In the lobby of the Patronato are marble plaques commemorating a recent synagogue renovation and thanking the Greater Miami Jewish Federation for its help. There are also dozens of photos including one showing Fidel Castro clutching a siddur, or Jewish prayer book, as members of the community light Chanukah candles.
And therein lies an enduring paradox for Cuba's Jews: despite the regime's official hostility toward Israel and Zionism, Castro appears to have bent over backwards to accomodate Cuba's Jewish minority.
Even so, Jews who don't have access to hard currency suffer economically like anyone else.
One middle-aged Jewish man in Santiago de Cuba earns 325 pesos a month in his government job. That works out to $12 at the official exchange rate, but the man — who asked not to be named — said he supplements his income by running a part-time delivery service on the side.
"There are many people who live much worse than I do," he said. "Families are leaving, and they help those who stay. But people who don't get anything live terribly, because here you must have divisas [hard currency] to eat well."
Miller, who has sometimes been portrayed as an ally of the Castro regime, says he's in a difficult position.
"The government does not manipulate me," he insisted "What interests me is how Castro acts toward the Jewish community. If the government organizes a pro-Palestinian march in front of the U.S. Interests Section, I wouldn't go. But for Elián [González], I went."
Asked for his opinion about the Castro government's recent arrest and jailing of 75 dissidents, independent journalists, librarians and human-rights activists, Miller gets understandably nervous.

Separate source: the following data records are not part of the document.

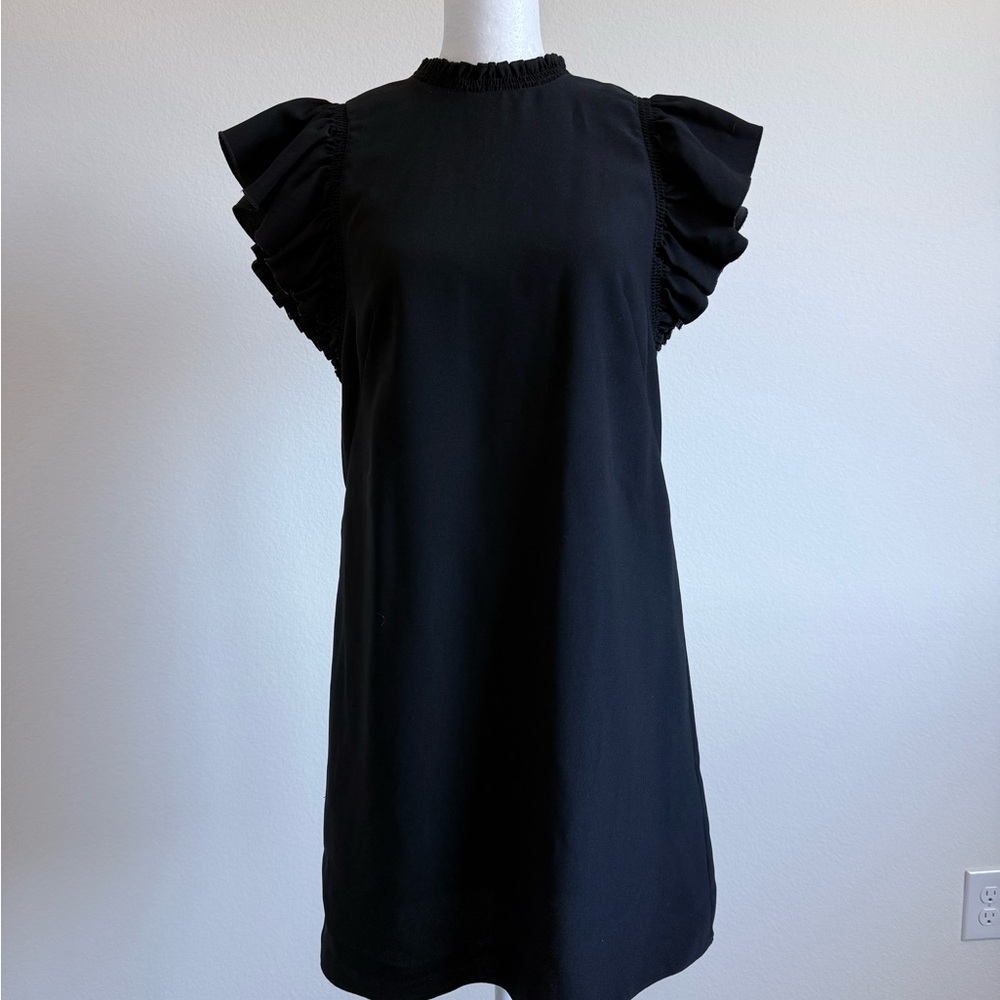 Kate Spade - Elegant Black Ruffle Sleeve Dress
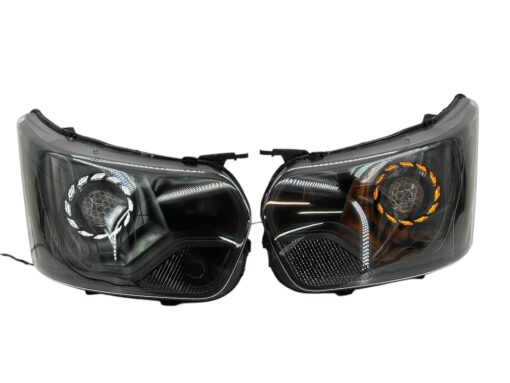 2015-2023 Ford Transit 150 250 350 Black Retrofit Biled Projector LED Switchback Headlights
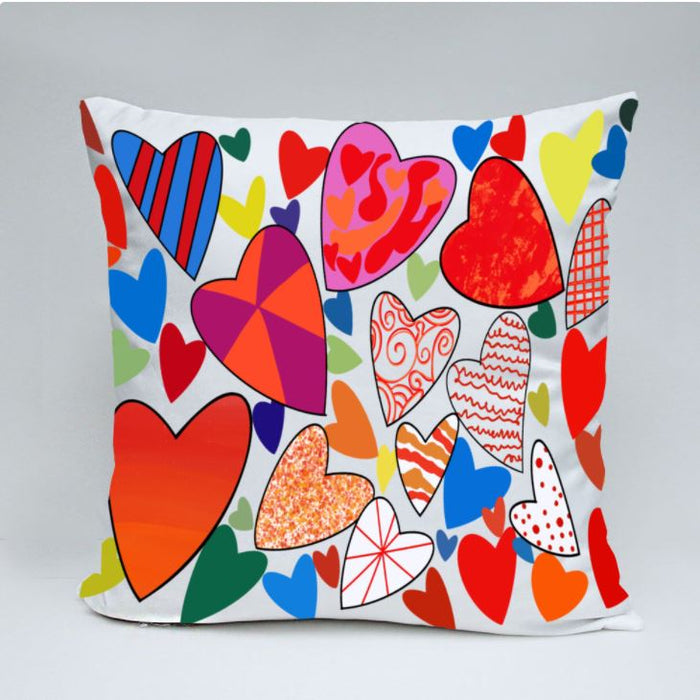 Hearts Galore Throw Pillow by Jung Si On (12 y/o)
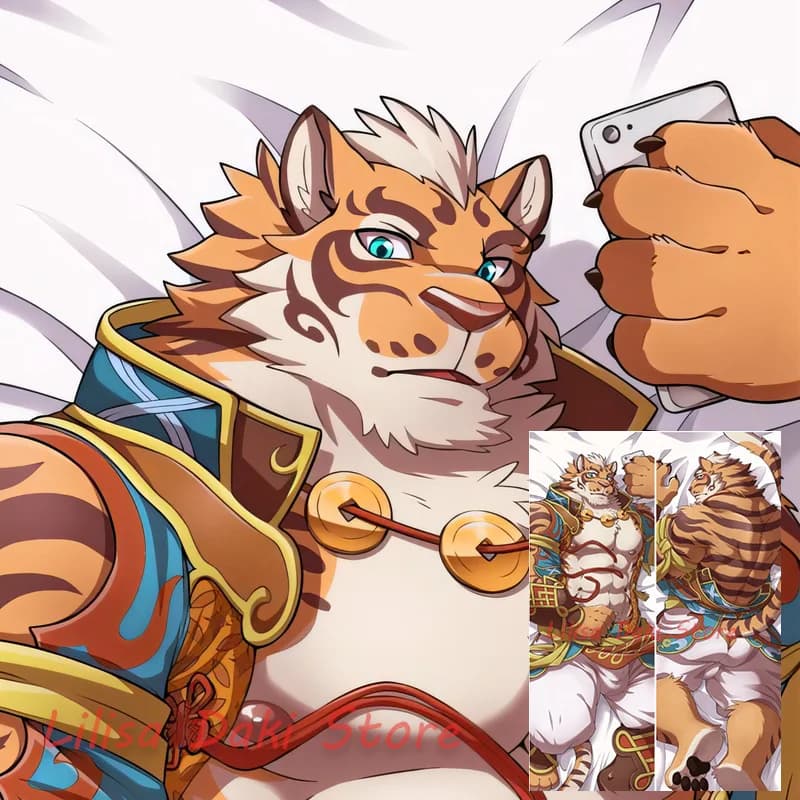 Dakimakura Lin Hu Yan Shu-Chi Likulau Neko Tiger Anime Federa per il corpo Stampa fronte-retro Federa a grandezza naturale Regali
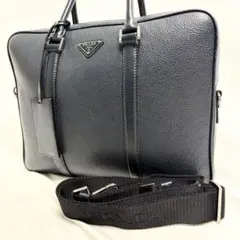 現行 プラダ レザー ブリーフケース ビジネスバッグ 三角ロゴ 2way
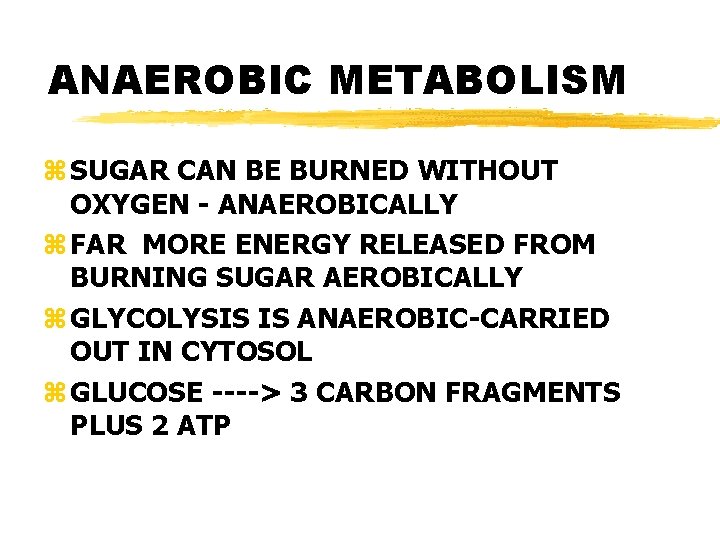 ANAEROBIC METABOLISM z SUGAR CAN BE BURNED WITHOUT OXYGEN - ANAEROBICALLY z FAR MORE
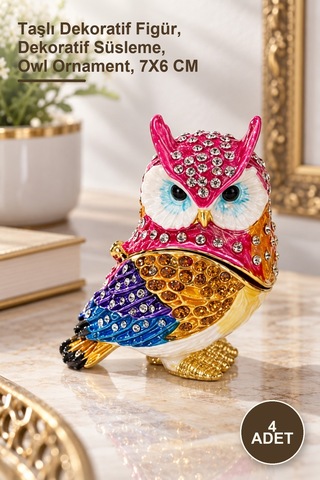 4 Adet Taşlı Baykuş Figür Aksesuarı Taşlı Dekoratif Figür, Dekoratif Süsleme, Owl Ornament, 7x6 Cm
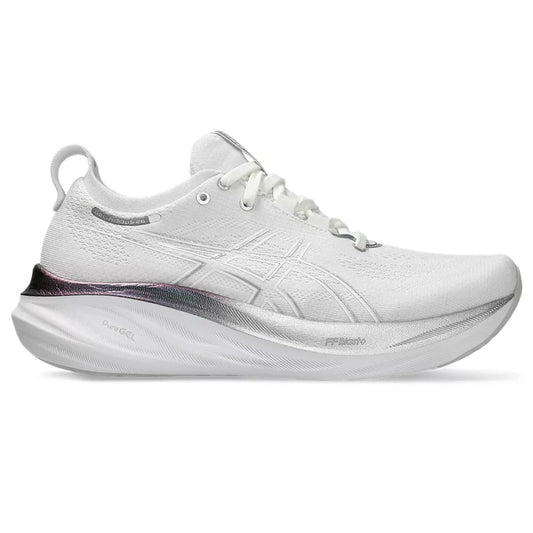 Women's Asics GEL-Nimbus 26 Platinum, Real White/Pure Silver, 5 B Medium - Skoutley Outdoors LLC
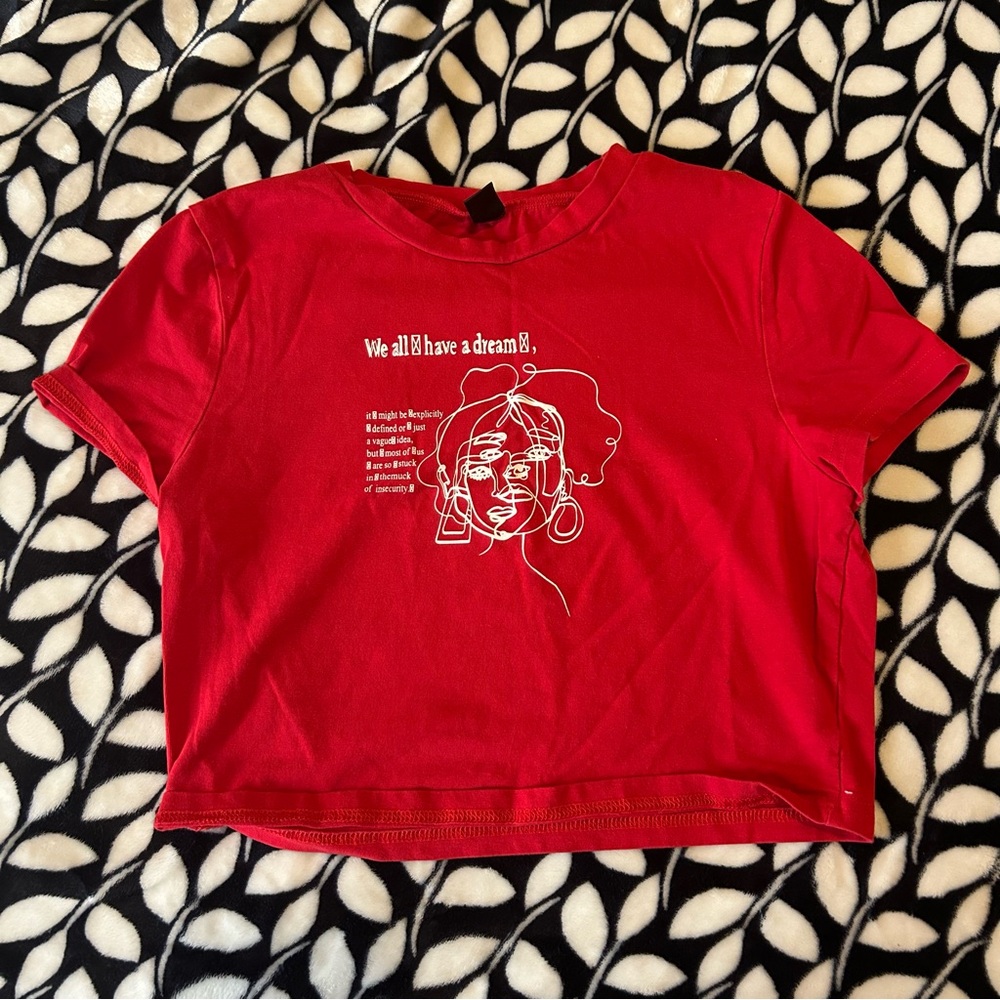 Red Graphic Tee with Artistic Design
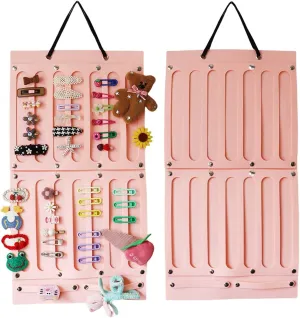 felt Hair Clip Organizer - Wall-Mounted Claw Clip Organizer and Hair Clip Holder, Stylish Storage for Hair Clips, Barrettes, and Accessories (Pink)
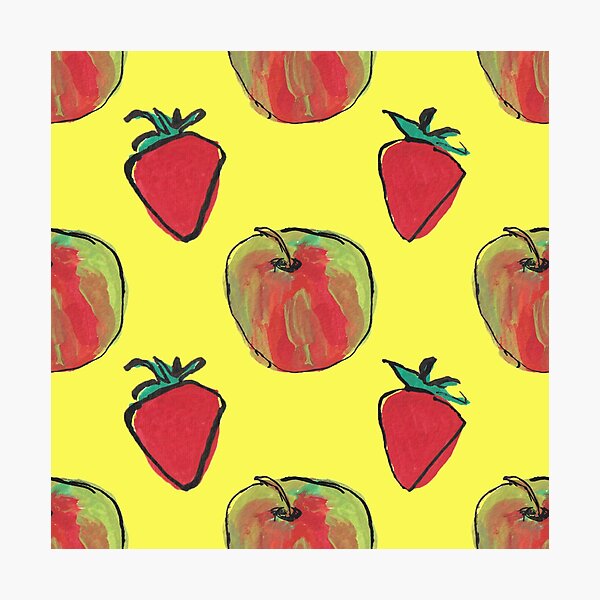Item preview, Apples and strawberries on yellow designed and sold by Kimmygowland.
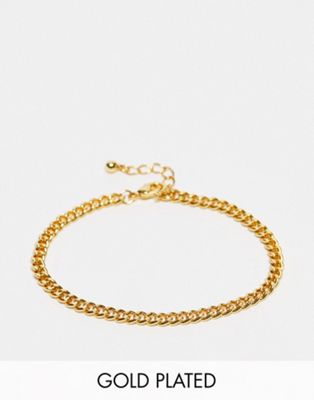 ASOS DESIGN chunky curb chain bracelet in 14k gold plate - ASOS Price Checker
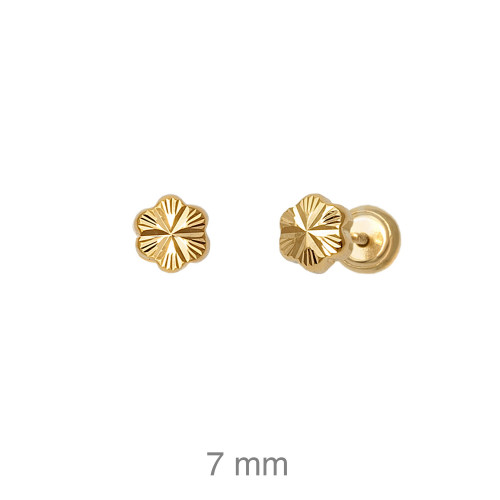 PENDIENTE PLATA B.ORO FLOR TALLADA Nº4
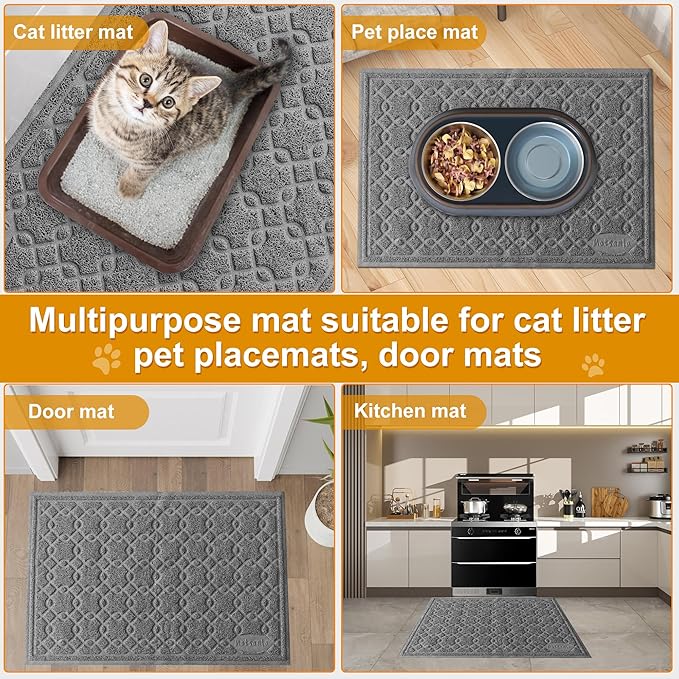 Cat Litter Box Mat, 24" x 17" Large Kitty Litter Trapping Mat Keep Floor Clean, Litter Box Mat Scatter Control, Waterproof, Easy to Clean, Durable Size Litter Mats for Floor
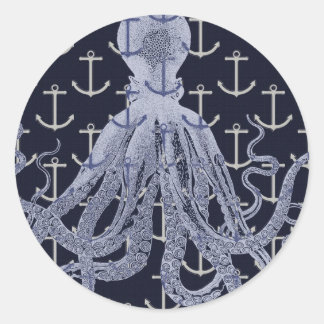 Nautical Octopus Classic Round Sticker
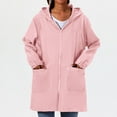 thumbnail image 6 of iHPH7 Travel Jacket Rain Jacket Women Waterproof Hooded Rain Jacket Women Womens Fall Clothing Softshell Jacket Trench Coat Women Windbreaker Jacket Women Pink XL, 6 of 6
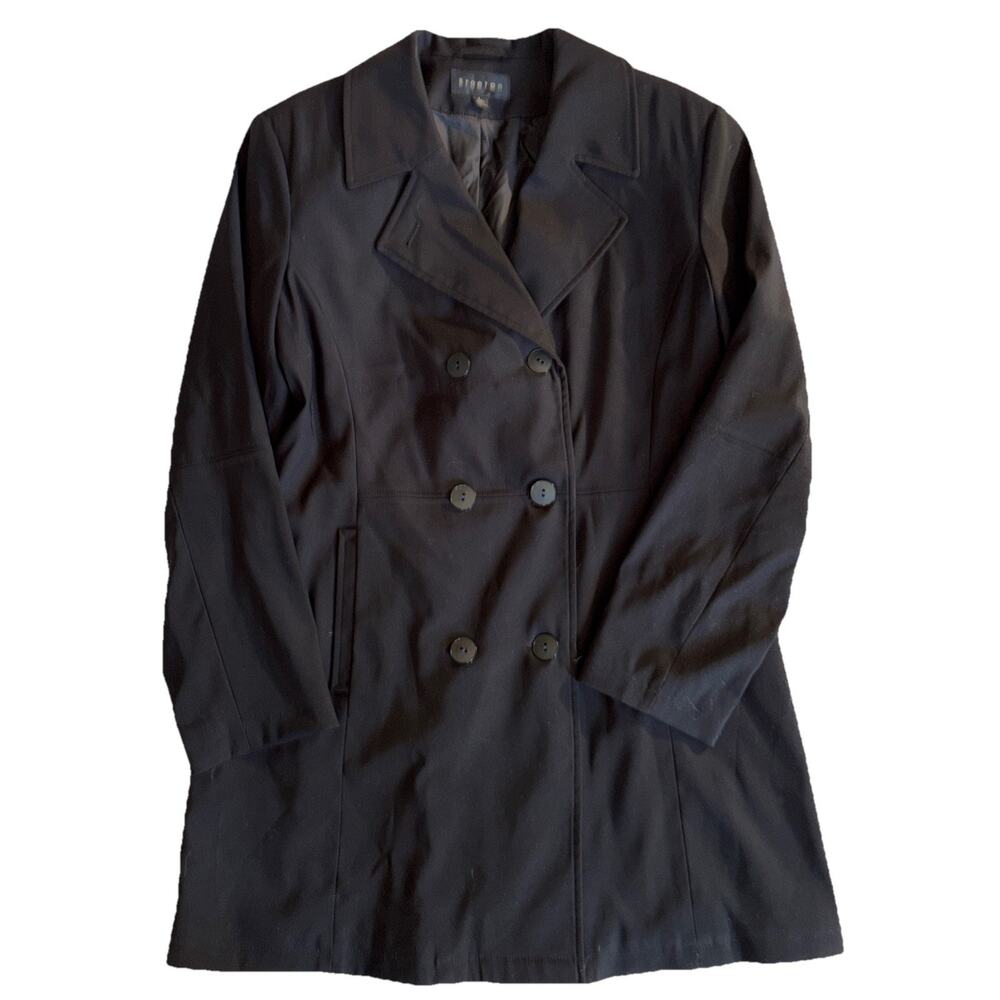 Braetan Trench Coat Size L Black Double Breasted Mid Length Jacket Professional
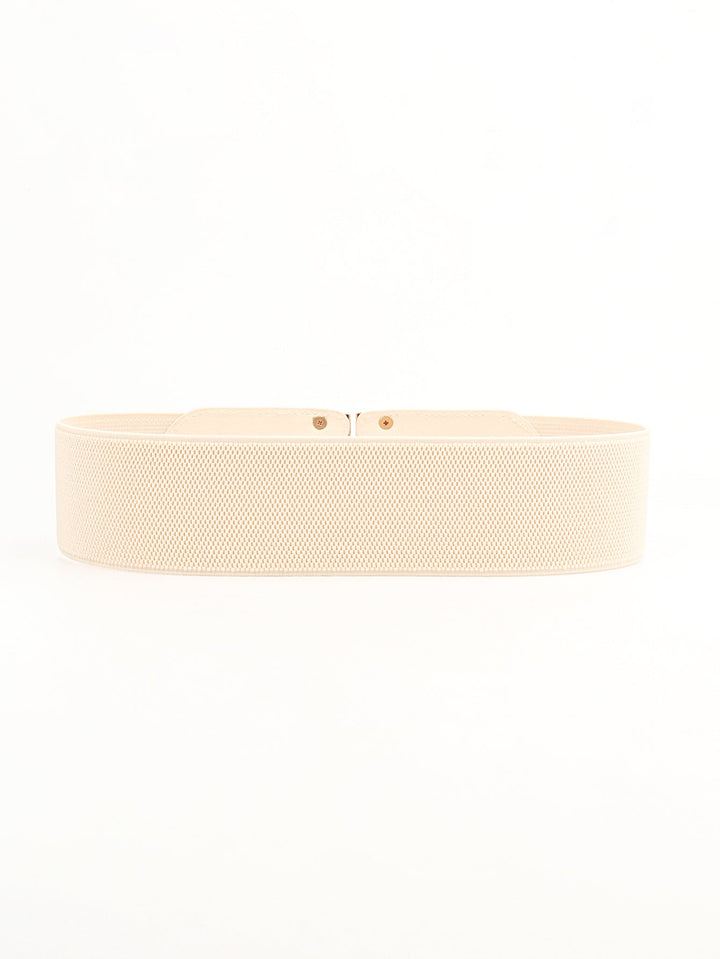 Fashionable wide belt for women, featuring a classic gold buckle and stretch fabric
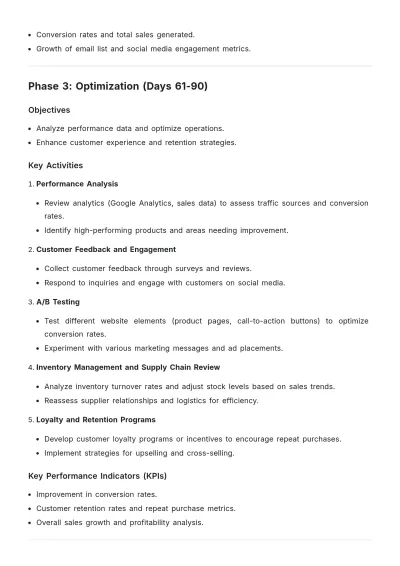 Free 90 Days E-commerce Layout Plan Template to Edit Online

"There have been dissidents for years, and they manifest their dissent in various ways. But you have to be very careful," he warned. "There's a very thin red line between internal dissent and collaboration with the enemy. And if you cross it, you're longer a dissident."
Miller adds: "I don't ask anyone in the Jewish community what he thinks about politics. This community is not pro-Castro or anti-Castro. And if someone wants to be a dissident, let him be one — but not inside the Patronato."